Philadelphia's tiny house pioneers

In a tough town, tiny dwellers unite

Lifestyle Design
"Stellarr Chance" Thom Carroll/for PhillyVoice

A converted Tastykake delivery truck in the Paschall section of Southwest Philadelphia.

Want to live small? Think big.

The tiny house movement is sweeping the nation. At under 1,000 square feet, these miniature homes offer simple living, stripped of years of accumulated junk. When it comes to owning just what you need, the freedom to explore life outside the bounds of stuff begins.

Television shows like Tiny House Nation chronicle tiny homes, and micro-apartment buildings that house narrow space dwellers are growing by the day in New York.

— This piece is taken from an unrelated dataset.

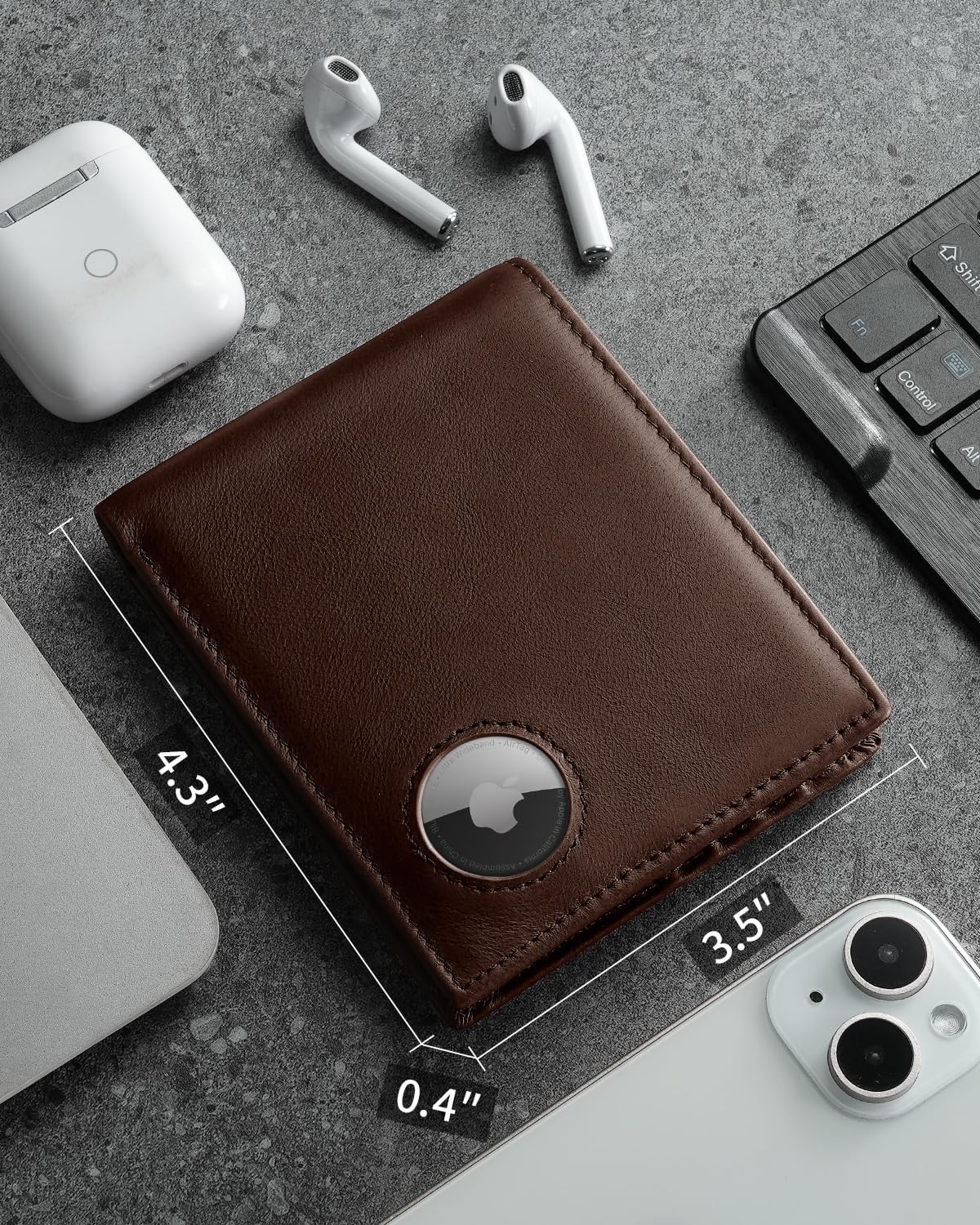 BILLETERA DE CUERO GENUINO PARA HOMBRE SEROVI CON BLOQUEO RFID, 2 VENTANAS PARA ID Y 12 ESPACIOS PARA TARJETAS - 4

But Philadelphia is one city that hasn’t caught the house fever — yet.

Last week, a meeting of the Philadelphia Tiny House and Co-Housing Community Development brought about 15 people to Istanbul Restaurant just off South Street. The agenda: to articulate a vision for a tiny house community in a tough love town.

An eclectic mix of people from the city and the burbs showed up: set designers, teachers, retirement-age eccentrics. They began dividing into committees devoted to researching zoning rules, developing community relations and keeping the group connected with one another. Even at the time of this writing, a tiny community of tiny-housers is taking root.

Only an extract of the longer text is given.